World of Wonders – The Deptford Trilogy #3 by Robertson Davies

“But even this was only leading up to what I knew to be the crown of the fair. That was Wanless’s World of Wonders, the one pleasure which my father would certainly never have permitted me. Shows of all kinds were utterly evil in his sight, and this was a show that turned my bowels to water, even from the outside.

“The tent seemed vast to me, and on a scaffold on its outside were big painted pictures of the wonders within. A Fat Woman, immense and pink, beside whom even the biggest pigs in the agricultural tents were starvelings. A man who ate fire. A Strong Man, who would wrestle with anybody who dared to try it. A Human Marvel, half man and half woman. A Missing link, in itself worth more than the price of admission, because it was powerfully educational, illustrating what Man had been before he decided to settle in such places as Deptford. On a raised platform outside the tent a man in fine clothes was shouting to the crowd about everything that was to be seen; it was before the days of microphones, and he roared hoarsely through a megaphone. Beside him stood the Fire Eater, holding a flaming torch in front of his mouth. ‘See Molza, the man who can always be sure of a hot meal,’ bellowed the man in the fine clothes, and a few Deptfordians laughed shyly. ‘See Professor Spencer, born without arms, but he can write a finer hand with his feet than any of your schoolteachers. And within the tent the greatest physiological marvel of the age, Andro, the Italian nobleman so evenly divided between the sexes that you may see him shave the whiskers off the one side of his face, while the other displays the peachy smoothness of a lovely woman. A human miracle, attested to by doctors and men of science at Yale, Harvard, and Columbia. Any local doctor wishing to examine this greatest of marvels may make an appointment to do so, in the presence of myself, after the show tonight.’

“But I was not very attentive to the man in the fine clothes, because my eyes were all for another figure on the platform, who was doing wonders with decks of cards; he whirled them out from his hands in what appeared to be ribbons, and then drew them — magically it seemed to me — back into his hands again. He spread them in fans. He made them loop-the-loop from one hand to another. The man in the fine clothes introduced him as Willard the Wizard, positively the greatest artist in sleight-of-hand in the world today, briefly on loan from the Palace Theater in New York.

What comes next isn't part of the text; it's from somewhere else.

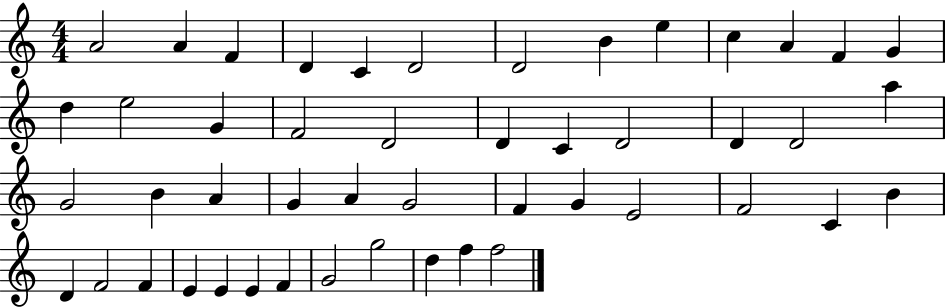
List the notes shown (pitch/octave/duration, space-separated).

“Willard was a tall man, and looked even taller because he wore what was then called a garter-snake suit, which had wriggling lines of light and dark fabric running perpendicularly through it. He was crowned by a pearl-grey hard hat — what we called a Derby, and known in Deptford only as part of the Sunday dress of doctors and other grandees. He was the most elegant thing I had ever seen in my life, and his thin, unsmiling face spoke to me of breathtaking secrets. I could not take my eyes off him, nor did I try to still my ravening desire to know those secrets. I too was a conjuror, you see; I had continued, on the sly, to practise the few elementary sleights and passes I had learned from Ramsay, before my father put a stop to it. I longed with my whole soul to know what Willard knew. As the hart pants after the water brooks, even so my blasphemous soul panted after the Wizard. And the unbelievable thing was that, of the fifteen or twenty people gathered in front of the platform, he seemed to look most often at me, and once I could swear I saw him wink

“I paid my five cents — a special price for schoolchildren until six o’clock — and entered in the full splendour of Wanless’s World of Wonders. It is impossible for me to describe the impression it made on me then, because I came to know it so well later on. It was just a fair-sized tent, capable of holding ten or twelve exhibits and the spectators. It was of that discouraged whitey-grey colour that such tents used to be before somebody had the good idea of colouring canvas brown. A few strings of lights hung between the three main poles, but they were not on, because it was assumed that we could see well enough by the light that leaked in from outdoors. The exhibits were on stands the height of a table; indeed, they were like collapsible tables, and each exhibit had his own necessities. Professor Spencer had the blackboard on which he wrote so elegantly with his feet; Molza had his jet of flaming gas, and a rack to hold the swords he swallowed; it was really, I suppose, very tacky and ordinary. But I was under the spell of Willard, and I didn’t, at that time, take much heed of anything else, not even of the clamorous Fat Woman, who seemed never to be wholly quiet, even when the other exhibits were having their turn.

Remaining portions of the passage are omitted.